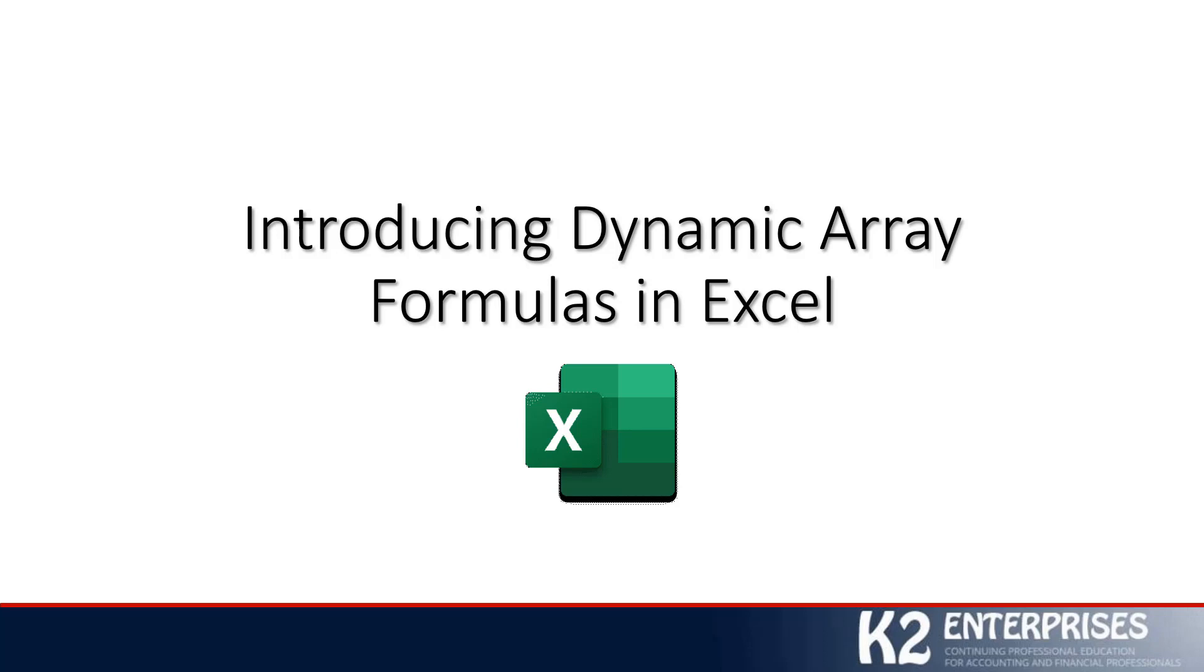Hello, and welcome to another in a series of technology-focused tips brought to you by K2 Enterprises. My name is Tommy Stevens, and it will be my privilege to lead you through this introduction to dynamic array formulas in Excel. This tip is just as its name implies - an introduction to dynamic arrays in Excel. We will have numerous follow-up videos going into great detail, so please check back often for updates. Let's get started.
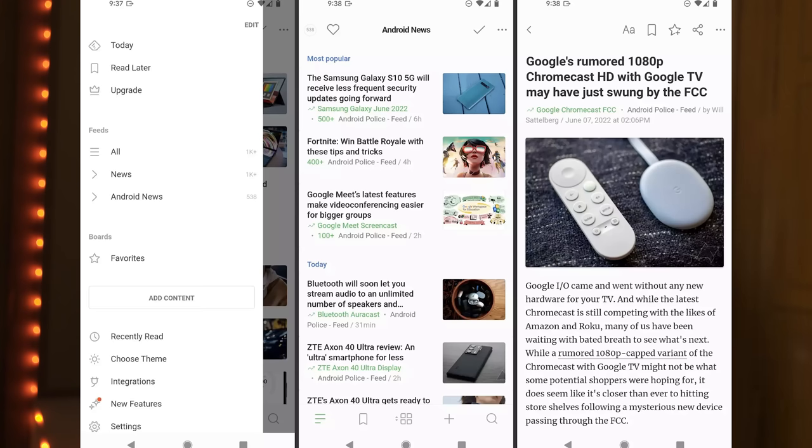Feedly is one interface. It's good text. It's a classic Feedly — it's black and white. I'm coming to Feedly.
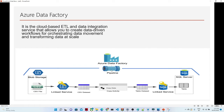In the example picture, suppose we have a CSV file stored in the Azure Data Platform in a storage account, and we want to copy this file into a particular SQL Server table. To create this kind of pipeline, we use Azure Data Factory. In the coming video, we are going to see all these scenarios practically so you will get a better idea.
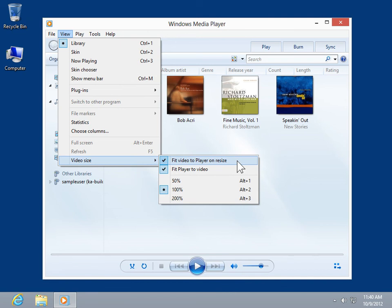To automatically resize the player to show the video at best size or the percentage specified, click Fit Player to Video.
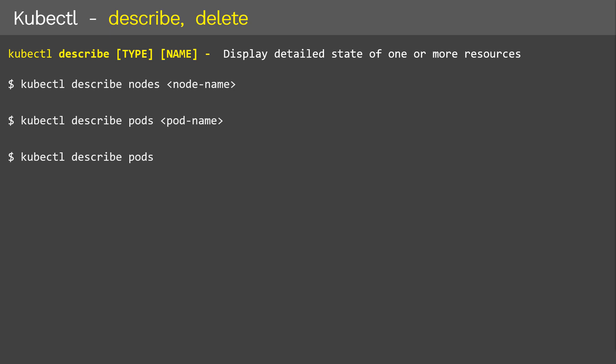For example, to display complete details of a specific node, we use kubectl describe followed by the type of the object — which in this case is 'nodes' — and the name of the node object. So: 'kubectl describe nodes node-name'. It works the same with pods: 'kubectl describe pods pod-name'. In case you want to display details of all pods inside the Kubernetes cluster, then we use just 'kubectl describe pods'. That's about the describe command.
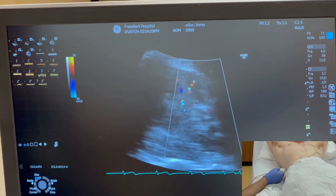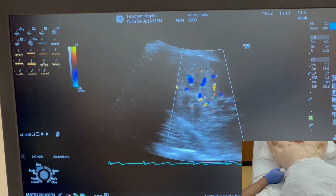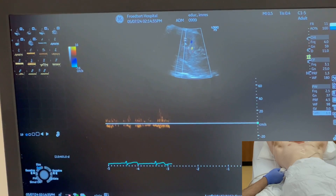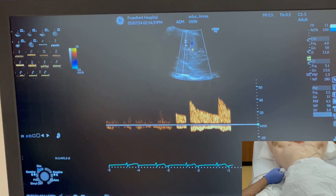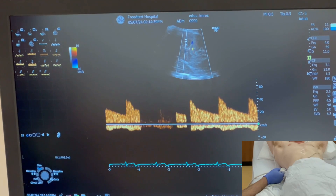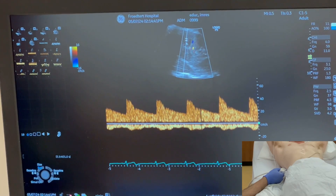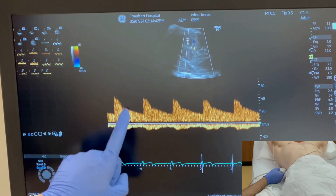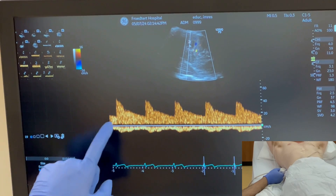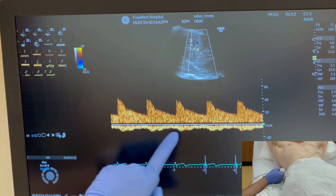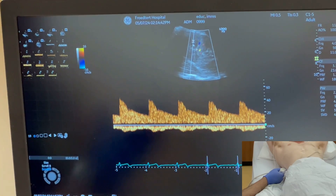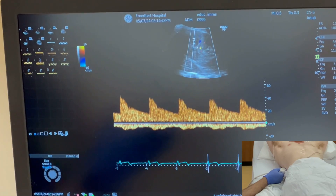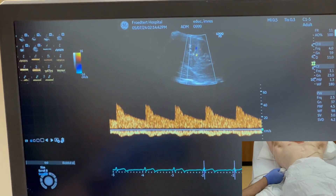Breath holding is really necessary here. I'm going to sample these interlobar vessels and you are getting a nice tracing above and below the baseline. Above the baseline is the arterial waveform — a systolic spike followed by diastole, repeating. Below the baseline is a continuous venous waveform without any breaks or discontinuities in the cardiac cycle. That's completely normal.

::::::

**Problem to solve:** The answer should hold every line of the listing, copied exactly, with no pictures.

**Written reply:**
Hello, and welcome to another in a series of technology-focused tips brought to you by K2 Enterprises. My name is Tommy Stevens, and it will be my privilege to lead you through this introduction to dynamic array formulas in Excel. This tip is just as its name implies - an introduction to dynamic arrays in Excel. We will have numerous follow-up videos going into great detail, so please check back often for updates. Let's get started.
Feedly is one interface. It's good text. It's a classic Feedly — it's black and white. I'm coming to Feedly.
In the example picture, suppose we have a CSV file stored in the Azure Data Platform in a storage account, and we want to copy this file into a particular SQL Server table. To create this kind of pipeline, we use Azure Data Factory. In the coming video, we are going to see all these scenarios practically so you will get a better idea.
To automatically resize the player to show the video at best size or the percentage specified, click Fit Player to Video.
For example, to display complete details of a specific node, we use kubectl describe followed by the type of the object — which in this case is 'nodes' — and the name of the node object. So: 'kubectl describe nodes node-name'. It works the same with pods: 'kubectl describe pods pod-name'. In case you want to display details of all pods inside the Kubernetes cluster, then we use just 'kubectl describe pods'. That's about the describe command.
Breath holding is really necessary here. I'm going to sample these interlobar vessels and you are getting a nice tracing above and below the baseline. Above the baseline is the arterial waveform — a systolic spike followed by diastole, repeating. Below the baseline is a continuous venous waveform without any breaks or discontinuities in the cardiac cycle. That's completely normal.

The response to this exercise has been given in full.